What needs to be done
Transcribe the listing exactly as written. Leave the images out.

Collected data
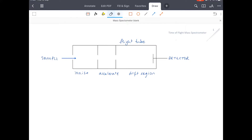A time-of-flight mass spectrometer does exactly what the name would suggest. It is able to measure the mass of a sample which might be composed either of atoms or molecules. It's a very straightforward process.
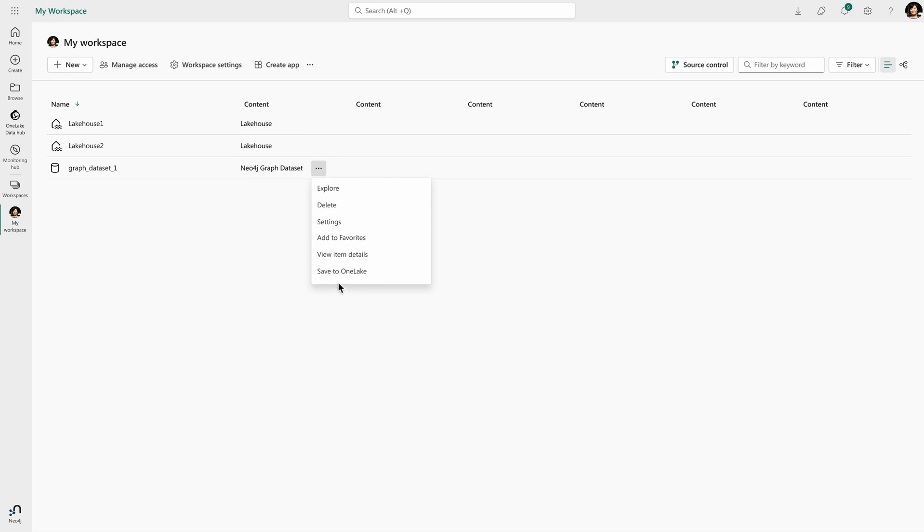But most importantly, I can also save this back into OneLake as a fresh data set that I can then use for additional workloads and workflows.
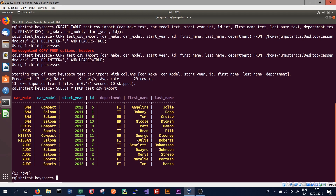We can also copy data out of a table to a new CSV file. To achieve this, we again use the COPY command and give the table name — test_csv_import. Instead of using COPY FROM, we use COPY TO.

Solution for this exercise
A time-of-flight mass spectrometer does exactly what the name would suggest. It is able to measure the mass of a sample which might be composed either of atoms or molecules. It's a very straightforward process.
But most importantly, I can also save this back into OneLake as a fresh data set that I can then use for additional workloads and workflows.
We can also copy data out of a table to a new CSV file. To achieve this, we again use the COPY command and give the table name — test_csv_import. Instead of using COPY FROM, we use COPY TO.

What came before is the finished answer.